Only complaint is that I have a pair of shure earbuds and the extension needs replaced. Sadly they have no 3 ft 3.5mm cables that will work well for the pair. Need to go to amazon or somewhere else.


----------



## CT_Wiebe (Jul 5, 2009)

Occasionally monoprice does have some duds. Some of their older HDMI switches were marginal (their current ones seem to be better quality). However, they do have a very good refund/exchange policy. I have ordered all of my cables from them, and have never been disappointed. Being located in California, is nice, since I can take advantage of next day delivery, if I need them ASAP. It's still a lot cheaper than going to my local Radio Shack store.
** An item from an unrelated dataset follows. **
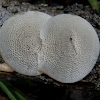 Bracket fungus - Hexagonia sp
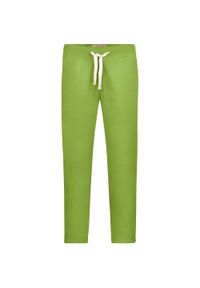 VAN NICHOLAS - James & Nicholson Męskie Spodnie Dresowe Vintage, Fluo Zielony, S. Kolor: niebieski, wielokolorowy, zielony. Materiał: dresówka. Styl: vintage #1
The downside, though, is that I have to pay the state sales tax.


----------



## uriel (Jan 14, 2010)

so far I've been satisfied with them. i got a 6m, give or take, flat HDMI cable for something like $20. even on base they wanted over $100 for a 4m! shenanigans i say.


----------



## neomatrix_23 (Sep 21, 2010)

monoprice makes good stuff. cables and other stuff are top notch and prices are really good. they're my first one on my list when i get cables, network stuff, etc. quick delivery as well


----------



## gmichael (Jan 15, 2010)

I have bought a lot of cables from Monoprice over the years. We use them here as a source for our company needs as well. Nothing but good dealings and quality products.


----------